**Your assignment**
From the line containing "K&ouml;nnte beinhalten: Drei" to the line containing "A man wearing a black" in the entries below, reproduce every line exactly, ends included. Nothing else belongs in the copy, and no pictures.

**Dataset excerpts**
╭──

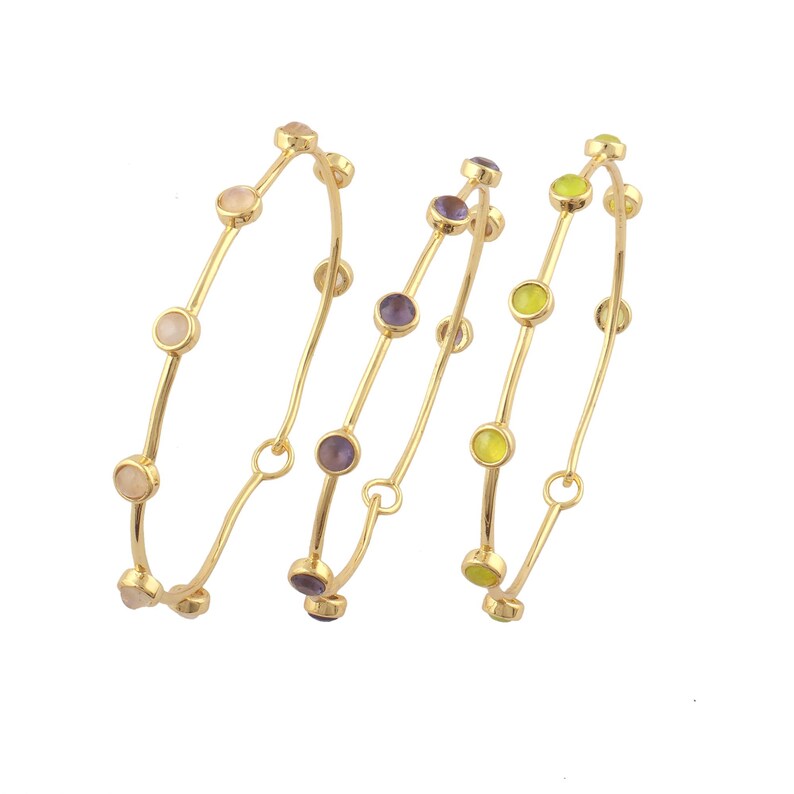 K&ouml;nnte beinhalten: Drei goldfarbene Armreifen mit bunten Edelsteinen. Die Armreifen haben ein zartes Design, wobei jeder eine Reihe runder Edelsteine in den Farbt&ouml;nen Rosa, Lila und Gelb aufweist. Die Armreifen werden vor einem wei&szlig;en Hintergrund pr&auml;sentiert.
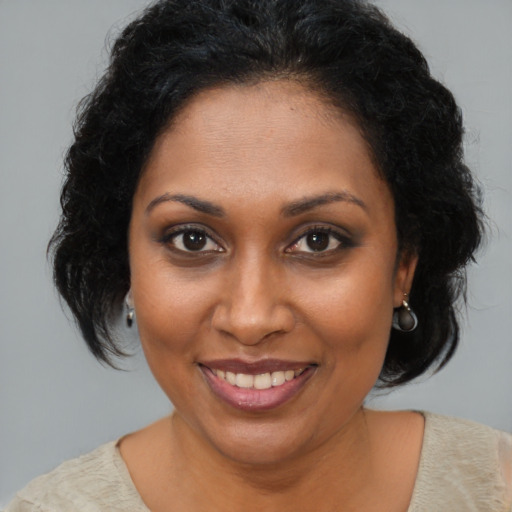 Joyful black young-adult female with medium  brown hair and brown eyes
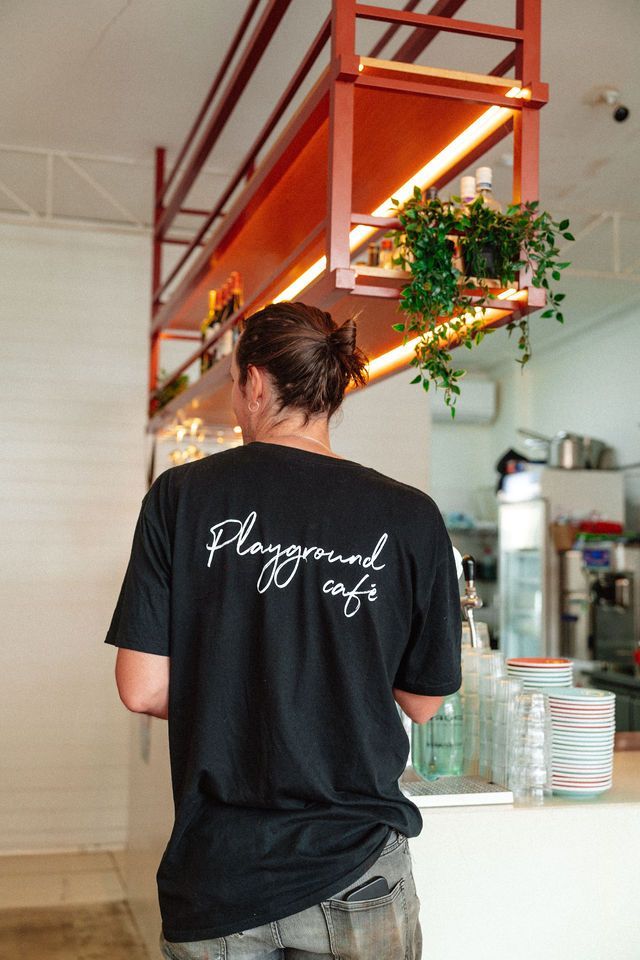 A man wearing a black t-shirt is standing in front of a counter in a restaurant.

╰──
╭──

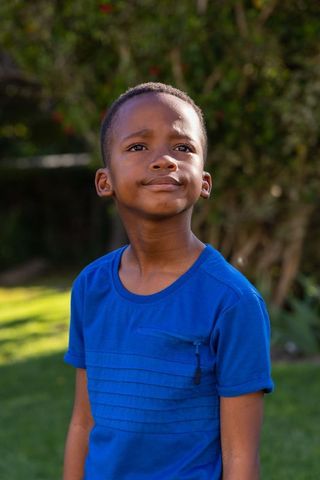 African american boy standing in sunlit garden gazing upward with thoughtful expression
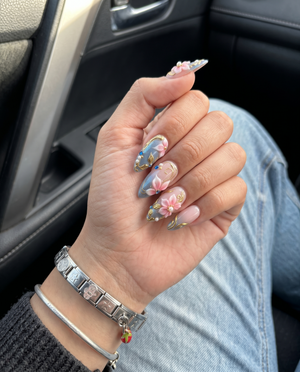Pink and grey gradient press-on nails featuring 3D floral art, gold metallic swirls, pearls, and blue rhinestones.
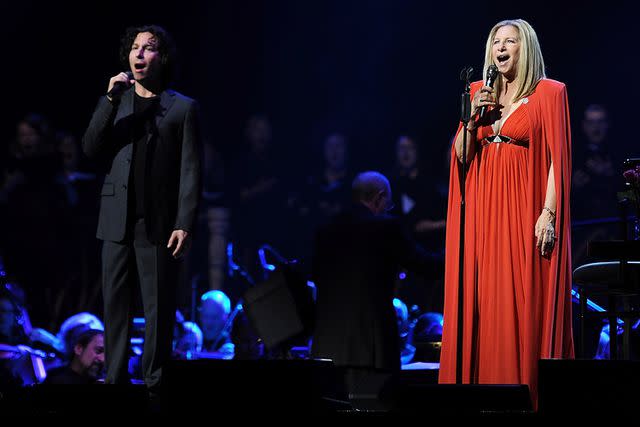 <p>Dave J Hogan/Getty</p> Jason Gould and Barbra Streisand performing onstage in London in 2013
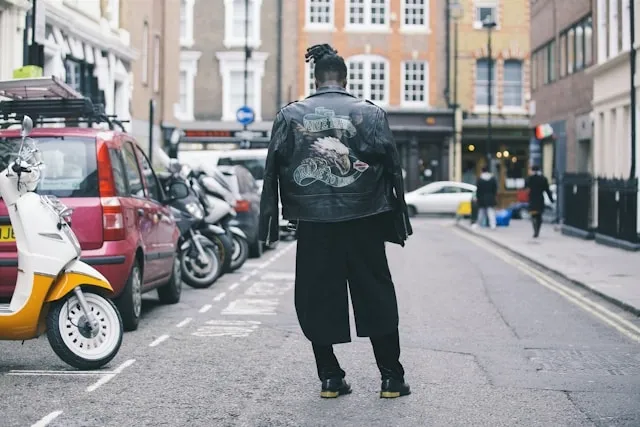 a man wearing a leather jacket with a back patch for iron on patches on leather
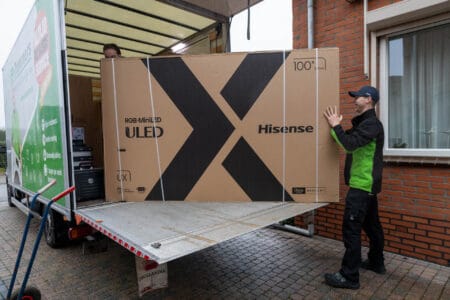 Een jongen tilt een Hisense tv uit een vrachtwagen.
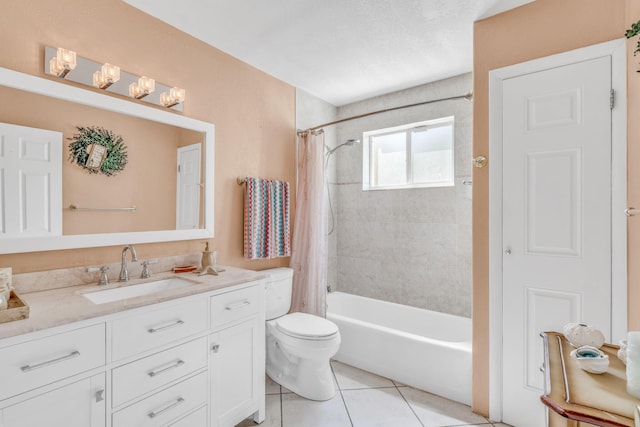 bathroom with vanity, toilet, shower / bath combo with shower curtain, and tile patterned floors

╰──

**Task answer**
 K&ouml;nnte beinhalten: Drei goldfarbene Armreifen mit bunten Edelsteinen. Die Armreifen haben ein zartes Design, wobei jeder eine Reihe runder Edelsteine in den Farbt&ouml;nen Rosa, Lila und Gelb aufweist. Die Armreifen werden vor einem wei&szlig;en Hintergrund pr&auml;sentiert.
 Joyful black young-adult female with medium  brown hair and brown eyes
 A man wearing a black t-shirt is standing in front of a counter in a restaurant.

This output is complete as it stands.